▸ **The problem**:
Go through the entries below and print, exactly, the lines starting at the one with "gis软件开发方法原理,确实刻动实准_复刻版?JMF56" and ending at the one with "Genç veya Yetişkin Hamsterlar", keeping both ends and no others.

▸ **Records for processing**:
--------------------------------------------------

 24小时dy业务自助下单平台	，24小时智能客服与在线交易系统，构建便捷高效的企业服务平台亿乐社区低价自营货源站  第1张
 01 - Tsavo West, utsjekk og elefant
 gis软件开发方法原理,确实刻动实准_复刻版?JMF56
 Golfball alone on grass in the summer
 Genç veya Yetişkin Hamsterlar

--------------------------------------------------

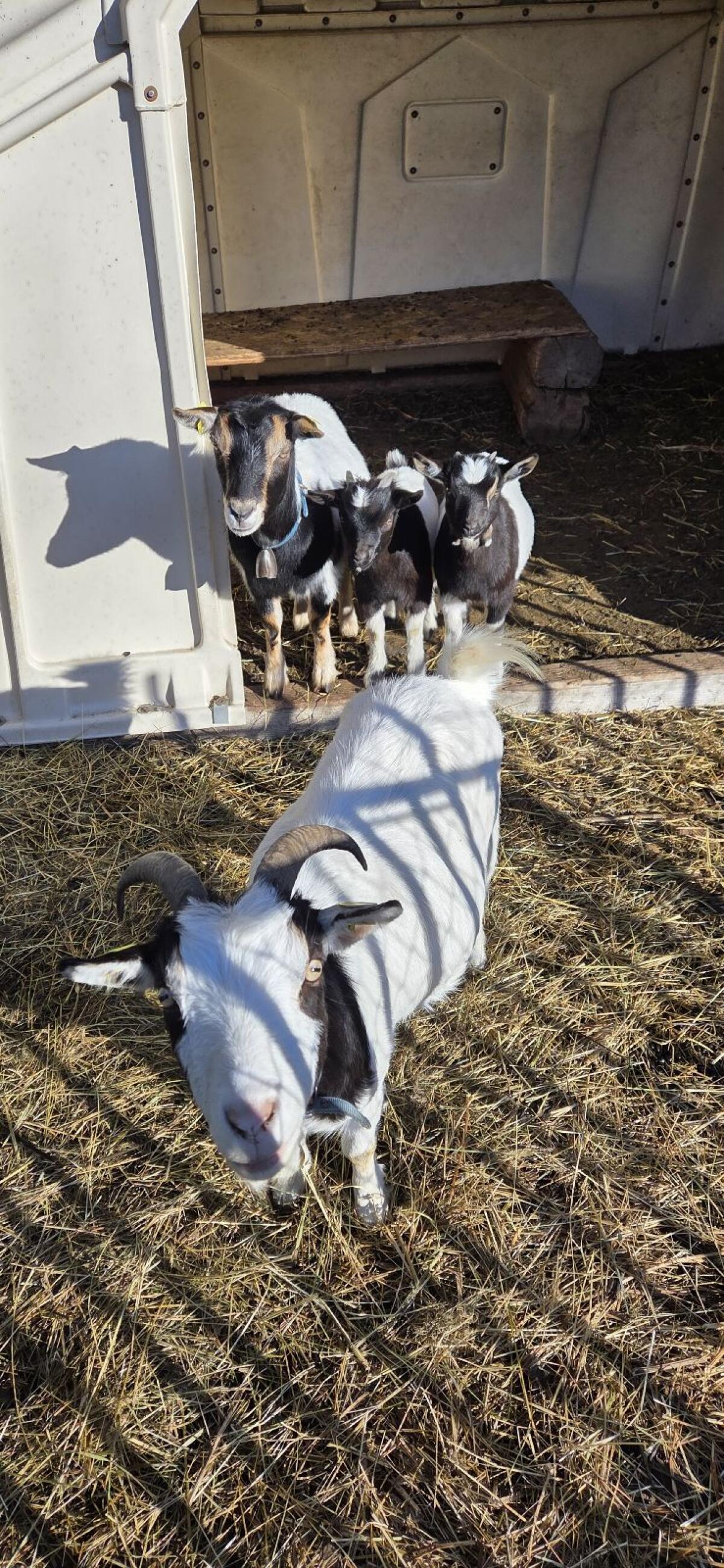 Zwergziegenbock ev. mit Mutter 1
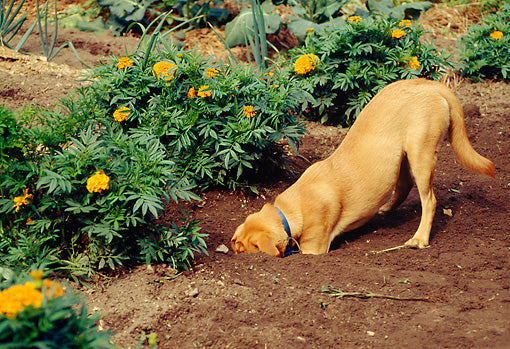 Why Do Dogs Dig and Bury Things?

--------------------------------------------------

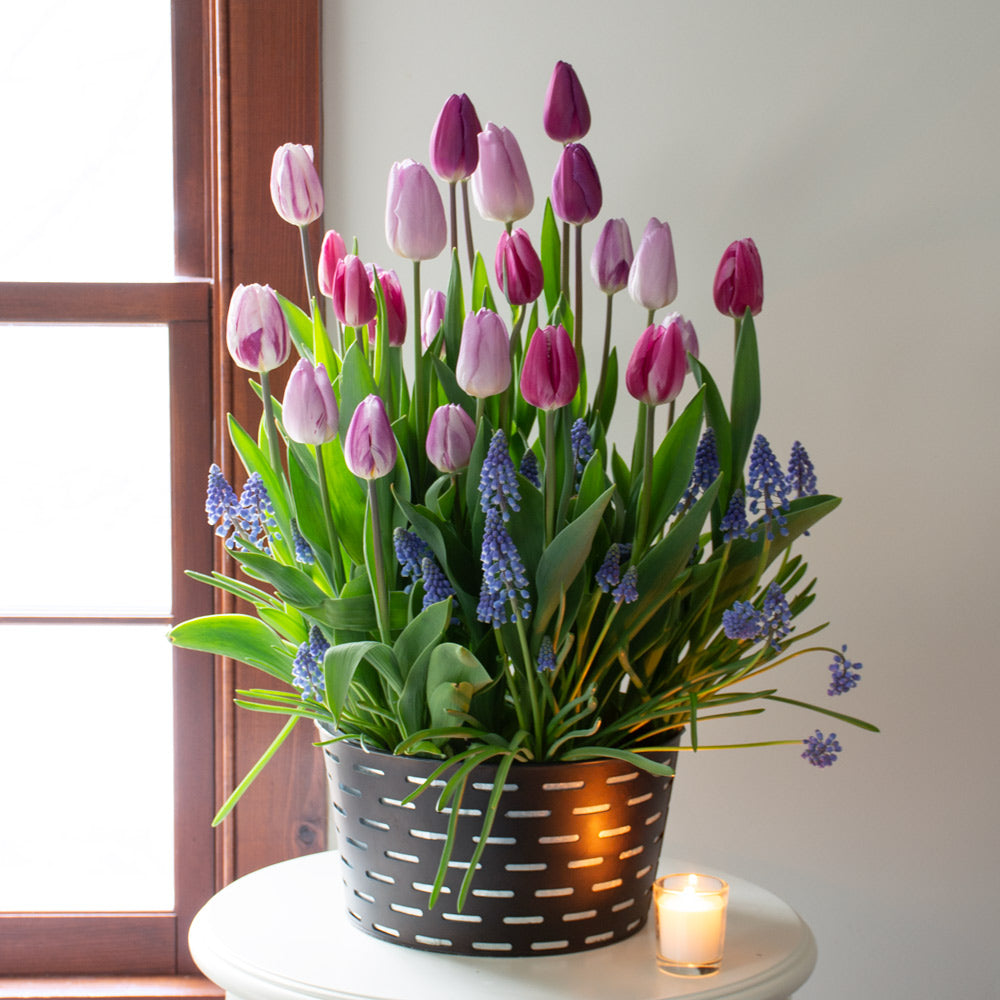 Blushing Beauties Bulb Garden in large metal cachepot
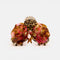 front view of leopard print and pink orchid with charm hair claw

--------------------------------------------------

▸ **Answer section**:
 gis软件开发方法原理,确实刻动实准_复刻版?JMF56
 Golfball alone on grass in the summer
 Genç veya Yetişkin Hamsterlar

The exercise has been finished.